A working definition, from Clays Lane Housing Co-operative Ltd v Patrick (1984) 17 HLR 188, is

“We accept, for present purposes, the submission on behalf of the co-operative that a right to determine a lease by a landlord is a right of forfeiture if (a) when exercised, it operates to bring the lease to an end earlier than it would ‘naturally’ terminate; and (b) it is exerciseable in the event of some default by the tenant.”

Croydon’s tenancy agreement (or rather its accompanying booklet), contained the following:

“Reasons for seeking possession (on pp 3-4)

Following the review we will take action to end your tenancy and repossess the property if:

you have not kept to any of the conditions of the tenancy;

We may also take eviction action at any time (my underlining) if one or more of the grounds for possession set out in Schedule 2 of these conditions apply.

Details of various grounds followed.

For Lord Briggs, this was a clear forfeiture clause.

The terms of the tenancy agreement plainly entitle the landlord to go to court to seek possession “at any time” ie before the end of the fixed term if (inter alia) the tenant breached a term of the tenancy agreement. That the landlord could do so at any time is expressly stated in the un-numbered clause on pp 3-4, and it is implicit in clause 10. While it may be said that the “at any time” unnumbered clause is triggered by the statutory grounds for possession, grounds 1 and 2(a) in Schedule 2 reflect express obligations of the tenant, and are triggered by the tenant’s default. They are the only two grounds relied on by Croydon in the present case.
In my judgment all the repeated provisions in Ms Kalonga’s tenancy agreement by which Croydon could bring her fixed term tenancy to an early end by reason of conduct by her amounting to default are forfeiture provisions. They fall squarely within the forfeiture test in the Clays Lane case as a matter of substance, and she had a right under the general law to seek relief from forfeiture in respect of those defaults, a right of which the secure tenancy regime did not deprive her.

The key elements were the ‘at any time’ phrasing in the various clauses.
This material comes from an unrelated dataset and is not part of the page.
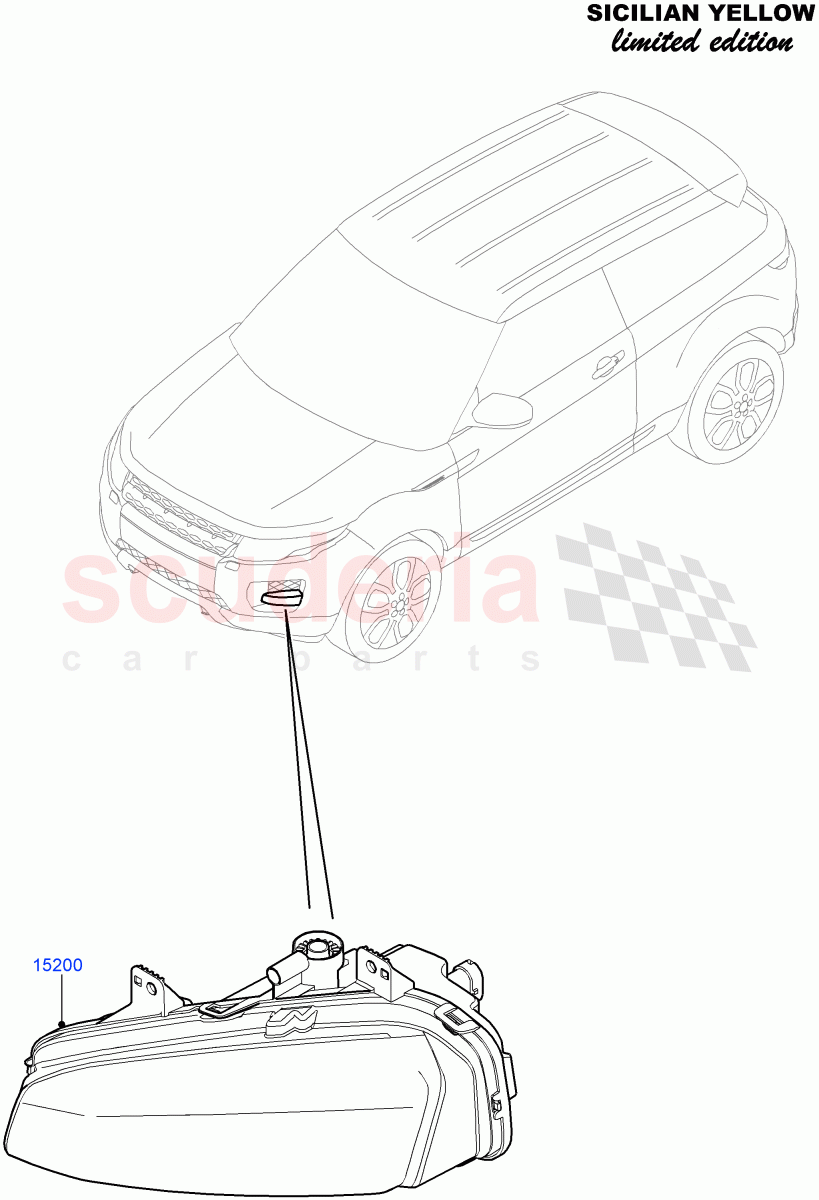 Front Fog Lamps(Sicilian Yellow Limited Edition,Halewood (UK))((V)FROMDH000001) of Land Rover Land Rover Range Rover Evoque (2012-2018) [2.0 Turbo Petrol AJ200P]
However, as Croydon had expressly stated in proceedings that it was not relying on forfeiture, the possession claim was rightly dismissed.


The ‘break clause’ element of this judgment may need further exploration, not least as Lord Briggs suggests that the inclusion of the non-tenant fault grounds in Croydon’s tenancy document “operate as a rather complicated break clause”.

The forfeiture requirement is pretty much as set out by the Court of Appeal. Croydon’s argument that section 82(1A) Housing Act 1985 presented a list of options, including seeking a possession order without forfeiture per se, was not successful.

The main difference is that Croydon’s tenancy terms were found to incorporate a forfeiture clause. Given that this relies very much on the ‘at any time’ wording of the clauses, it means that any other Council’s flexible tenancy agreements would need careful scrutiny to establish whether there was an operative forfeiture clause.